Ah! então a justiça pede uma reparação igual à ofensa. Será que nós, também, havemos de merecer a doce repreensão do Salvador?
"Vós, a quem amei com tanto Amor, a quem prodigalizei favores insignes, vós Me abandonais, Me desprezais, Me crucificais! Fácil seria compreender o esquecimento dos homens terrestres, a indiferença dos escravos do mundo, o desprezo mesmo daqueles que não têm fé, que nunca gozam das delícias de Meu Sacramento; mas vós, Meu amigo, Meu comensal, vós, esposa de Meu Coração!"
Tais
sejam talvez as justas censuras do Coração de Jesus. A nós cabe abaixar
a cabeça de vergonha e partir a alma de dor. Jesus, numa revelação a
santa Margarida Maria, mostrou-lhe o Seu Coração ferido, coroado de
espinhos, encimado por uma cruz, e dirigiu-lhe estas palavras:
"Tenho uma sede ardente de ser amado pelos homens no Santíssimo Sacramento, e não encontro quase ninguém que se esforce, segundo o Meu desejo, para Me desalterar, usando para comigo de alguma paga!"
2.° - Propiciação de misericórdia.
A propiciação seria incompleta em se limitando à reparação. Embora
satisfizesse a Justiça Divina, não satisfaria o Amor de Jesus. Que quer
este Amor? Quer a salvação dos homens e o perdão dos maiores pecadores.

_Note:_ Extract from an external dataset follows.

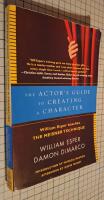 The Actor's Guide to Creating a Character: William Esper Teaches the Meisner Technique 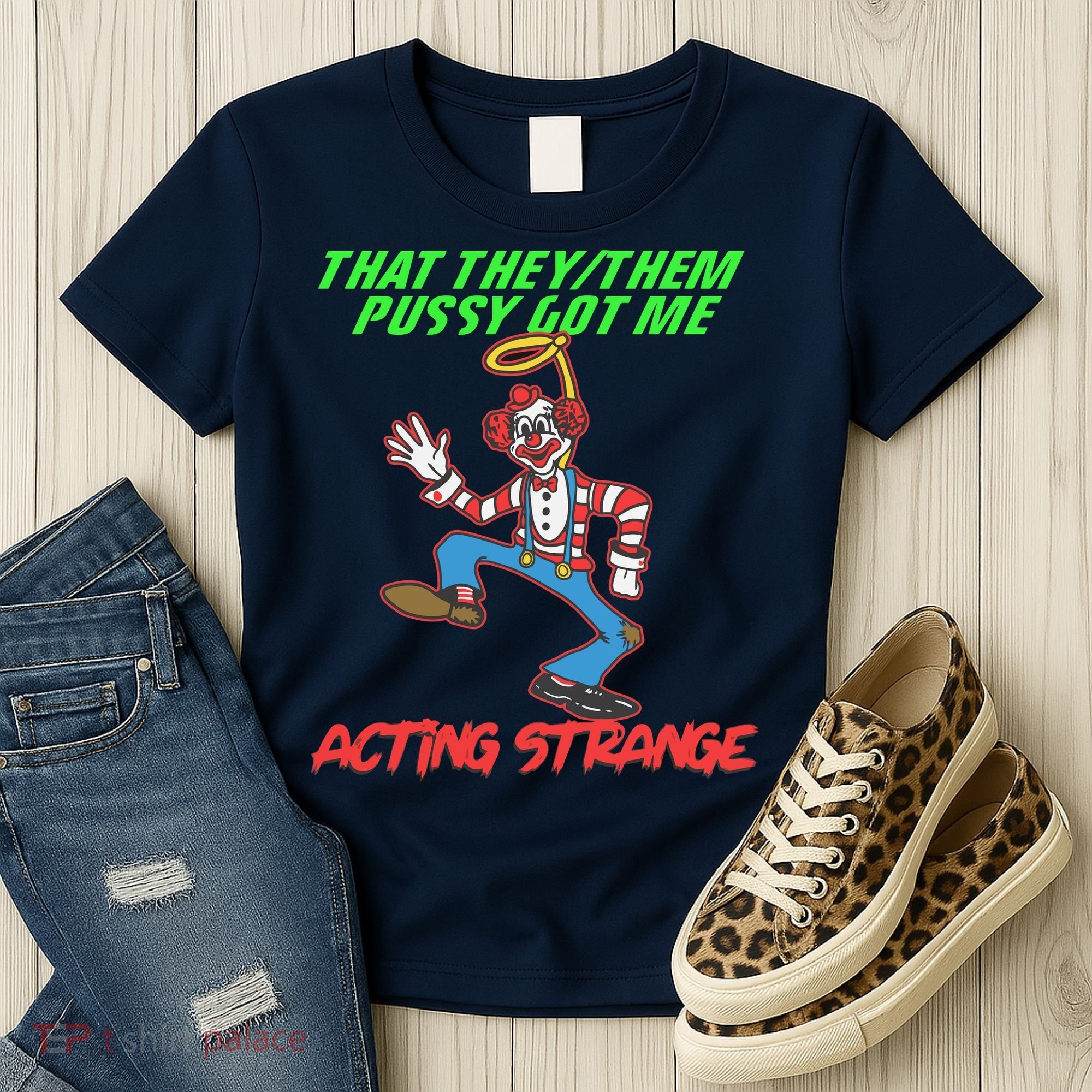That They Them Pussy Got Me Acting Strange Women's T-Shirt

Queria perdoar a Judas; pedia perdão para os seus carrascos, enquanto
estes O insultavam. E, no Altar, não é sempre a Vítima de propiciação
pelos pecadores? Sua Paciência em suportá-los, Sua Misericórdia em
perdoar-lhes, Sua Bondade em recebê-los no regaço paterno, eis a
vingança do Amor, eis Seu triunfo!
Nessa
obra divina de perdão, Jesus carece, por assim dizer, dum associado,
dum cooperador, que repita com Ele ao Pai a oração da Cruz: "Pai, perdoai-lhes porque não sabem o que fazem"
(Lc 23,43). Carece duma vítima que acabe em si mesma o que falta a Seu
estado de imolação sacramental: o sofrimento, o sacrifício efetivos. As
almas só se redimem a tal preço - preço outrora pago no monte Calvário.
Mas também quão sólidas, generosas, perfeitas, serão as conversões que,
merecidas em comum por Jesus e pela alma reparadora, partirão do
Tabernáculo divino! Ah! é principalmente aí que devemos procurar a
redenção das almas, a conversão dos grandes pecadores, a salvação do
mundo.
IV- Impetração
A impetração é o aposto lado eucarístico da oração, é o fruto natural da adoração, da ação de graças e da propiciação.
Este
apostolado de oração honra a Jesus Cristo no Santíssimo Sacramento como
a Fonte divina de todo Dom e de toda Graça. Com efeito, a Santíssima
Eucaristia é-lhe um tesouro inesgotável, um reservatório mais largo e
mais profundo que o oceano. Jesus aí depositou as Suas virtudes, todos
os Seus méritos, o preço infinito de Sua Redenção, colocando tudo isso à
disposição do homem, mediante uma só condição: ele irá procurá-las,
solicitá-las de Sua Bondade sempre pronta a prodigalizar-lhes os Seus
bens.
Do fundo do Tabernáculo, Jesus clama a todos aqueles que sofrem, que estão necessitados, desgraçados:
"Vinde a Mim e Eu vos aliviarei".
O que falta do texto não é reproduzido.